[Source information Boundary: Start]

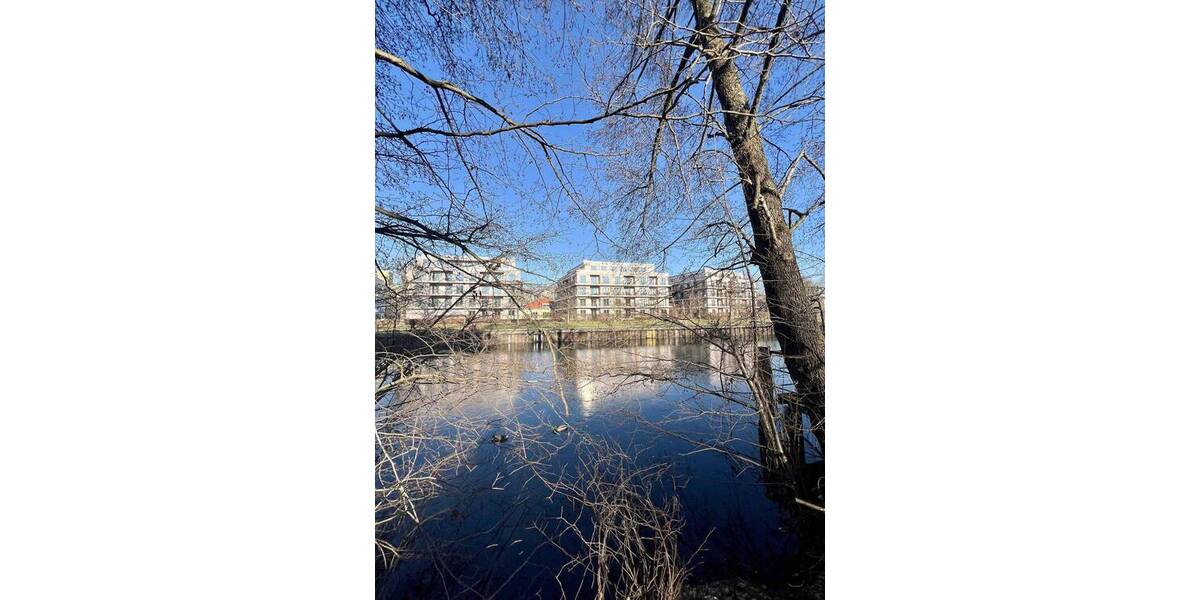 Etagenwohnung Berlin Spandau - 3 Zimmer, 75 m&sup2;, 1.621&euro; | Angebot:25800031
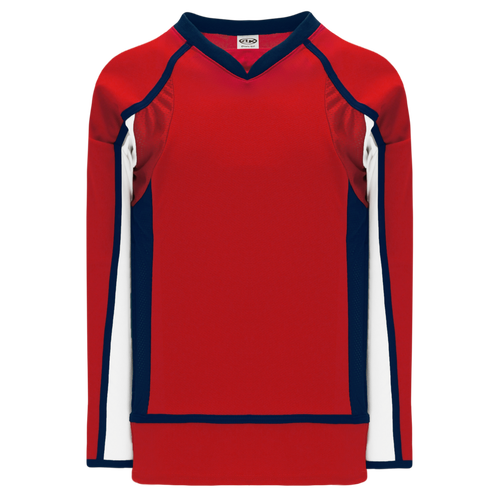 Ottawa Senators Blank AK Hockey Jersey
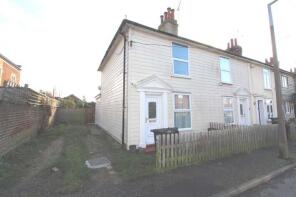 58, John Street, Brightlingsea CO7 0NA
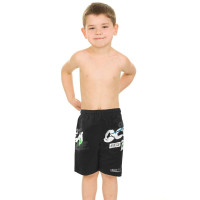 Плавки-шорти для хлопців Aqua Speed ​​DAVID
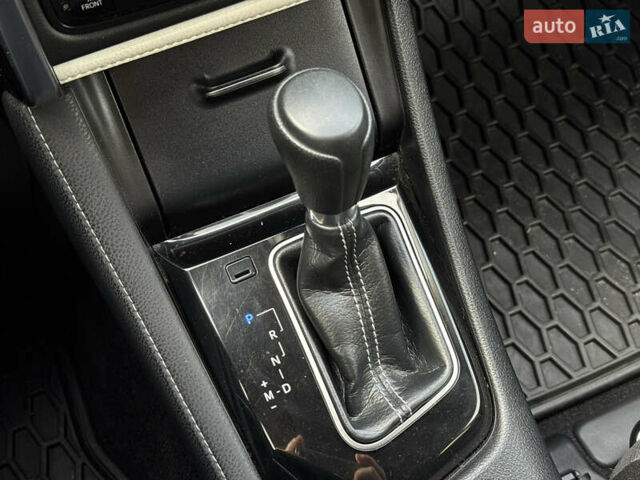 Серый Сцион iM, объемом двигателя 1.8 л и пробегом 82 тыс. км за 11200 $, фото 23 на Automoto.ua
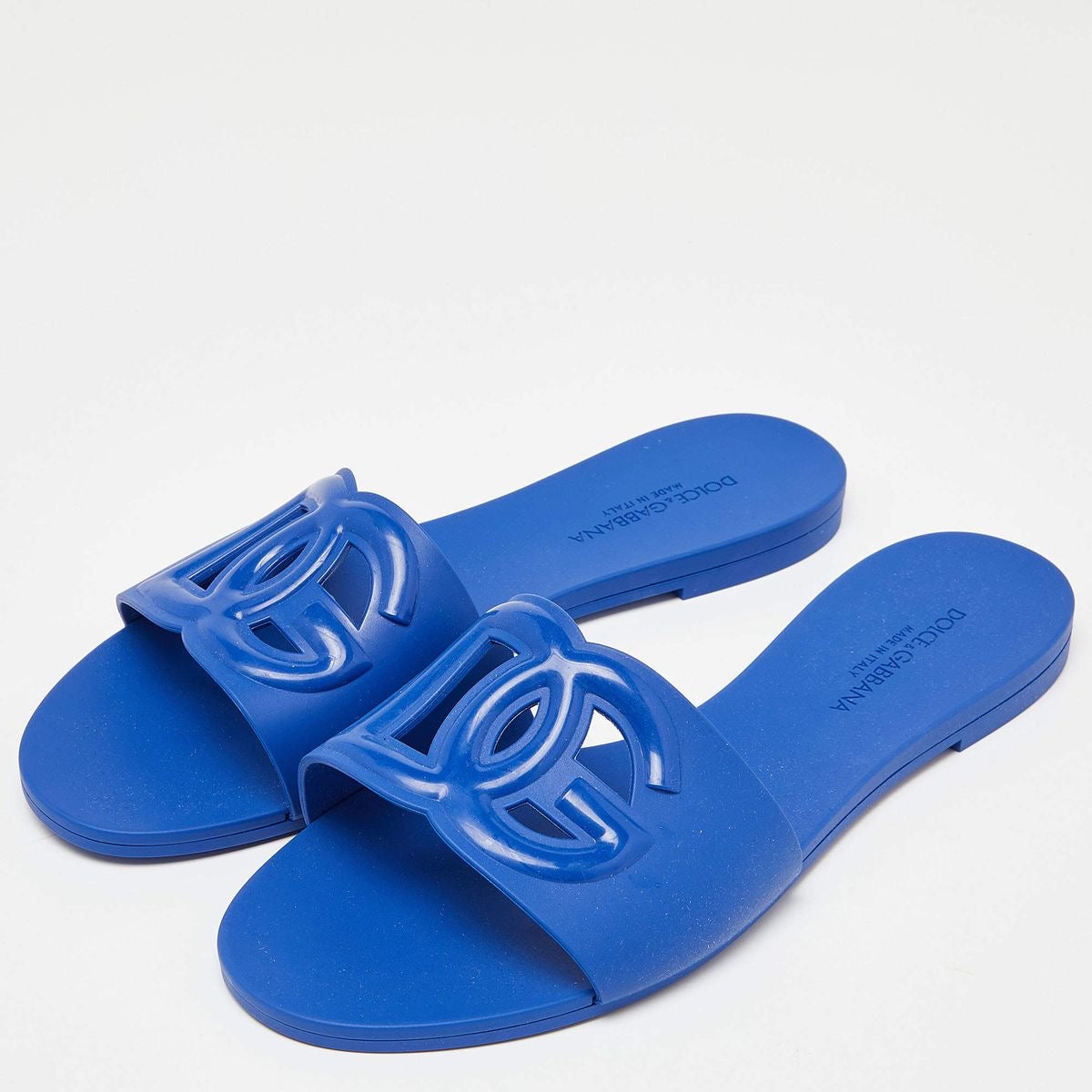 D&G slides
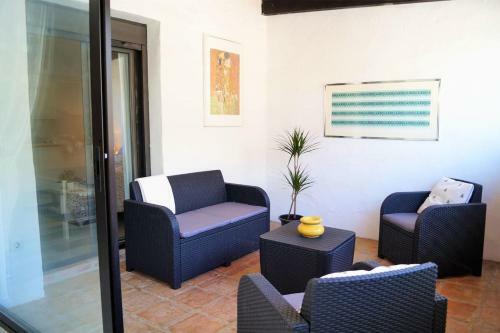 Apartamento Jardines Del Puerto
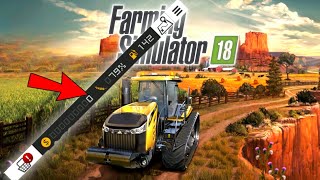 Without Unlimited Coins How To Buy Tools In Fs 18  Farming Simulator Gameplay [upl. by Amsed776]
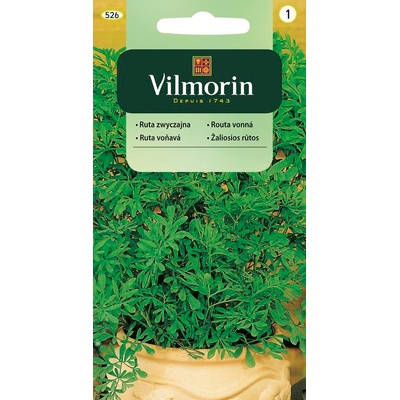 Routa vonná Vilmorin Classic 0,2 g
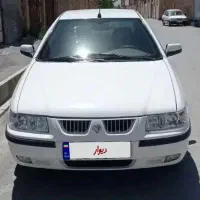 سمند ای اف مدل ۹۴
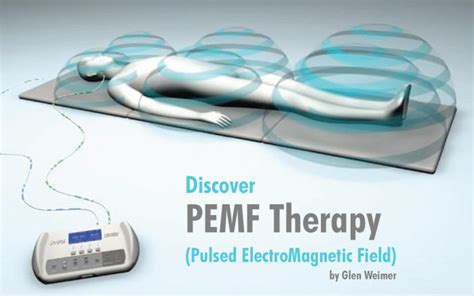 Discover Pulsed Electro Magnetic Field Pemf Therapy Nantucket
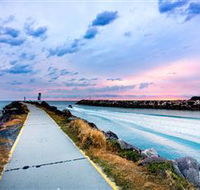 North Coast Holiday Parks Evans Head - Accommodation Bookings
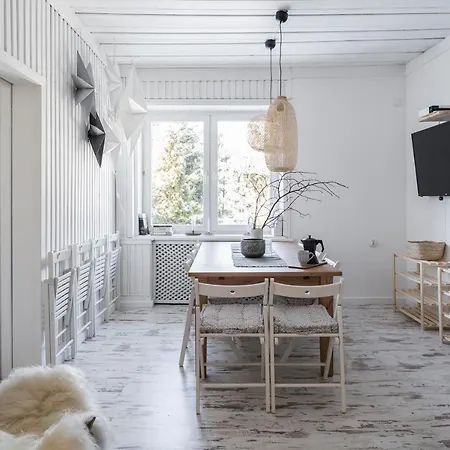 شاليه Local 21a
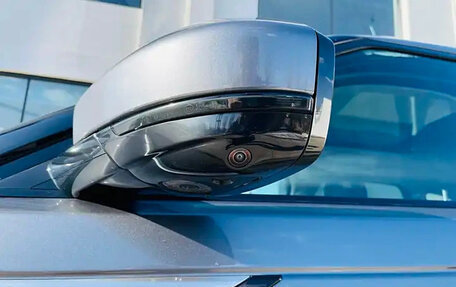 Land Rover Range Rover Velar I, 2022 год, 4 260 000 рублей, 9 фотография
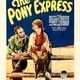 photo du film The Pony Express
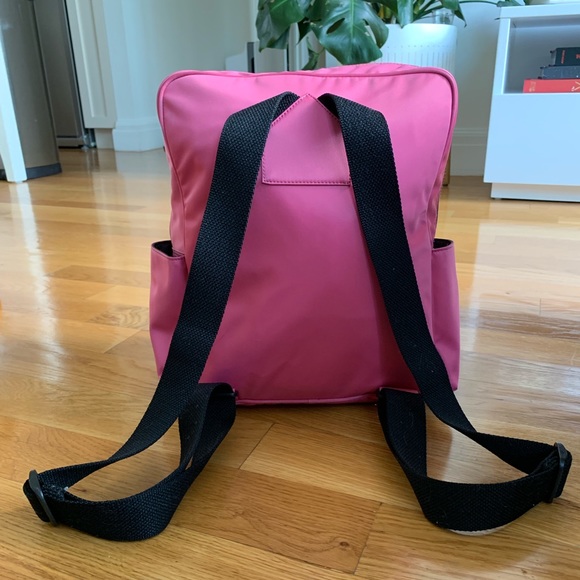 Kate Spade backpack - Picture 2 of 8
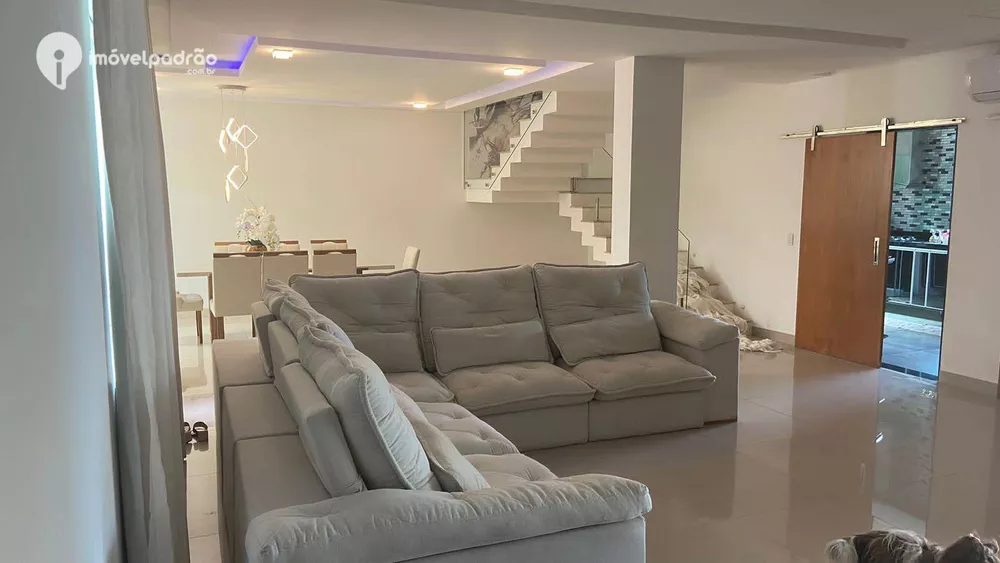 Casa, 4 quartos, 500 m² - Foto 8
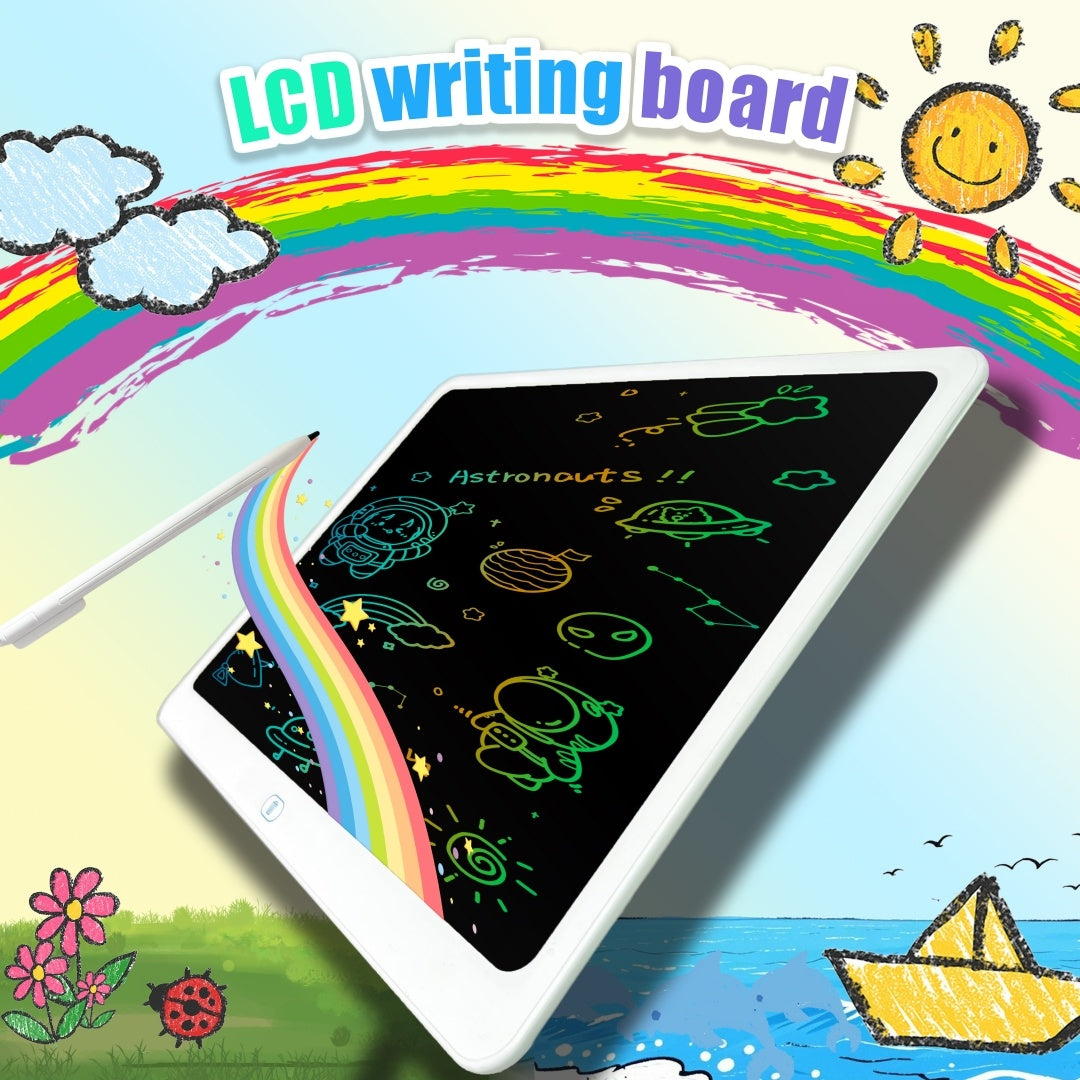 LCD Writing Tablet For Kids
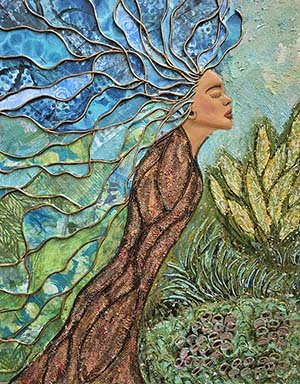 Higgins-goddess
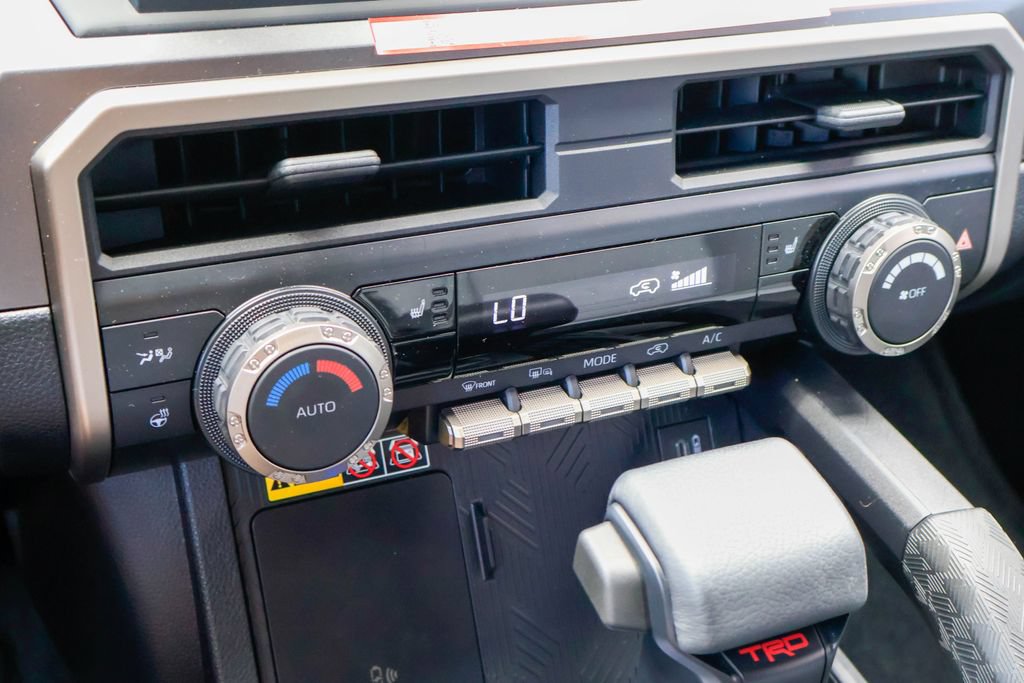 Used 2026 Toyota 4Runner TRD Sport RWD image 16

[Source information Boundary: End]

Assigned task:
In the copy, each entry above must match exactly, and no picture may be carried over.

Solution to this exercise:
 Etagenwohnung Berlin Spandau - 3 Zimmer, 75 m&sup2;, 1.621&euro; | Angebot:25800031
 Ottawa Senators Blank AK Hockey Jersey
 58, John Street, Brightlingsea CO7 0NA
 Плавки-шорти для хлопців Aqua Speed ​​DAVID
 Серый Сцион iM, объемом двигателя 1.8 л и пробегом 82 тыс. км за 11200 $, фото 23 на Automoto.ua
 D&G slides
 Apartamento Jardines Del Puerto
 Without Unlimited Coins How To Buy Tools In Fs 18  Farming Simulator Gameplay [upl. by Amsed776]
 Routa vonná Vilmorin Classic 0,2 g
 سمند ای اف مدل ۹۴
 Discover Pulsed Electro Magnetic Field Pemf Therapy Nantucket
 North Coast Holiday Parks Evans Head - Accommodation Bookings
 شاليه Local 21a
 Land Rover Range Rover Velar I, 2022 год, 4 260 000 рублей, 9 фотография
 photo du film The Pony Express
 Kate Spade backpack - Picture 2 of 8
 Casa, 4 quartos, 500 m² - Foto 8
 LCD Writing Tablet For Kids
 Higgins-goddess
 Used 2026 Toyota 4Runner TRD Sport RWD image 16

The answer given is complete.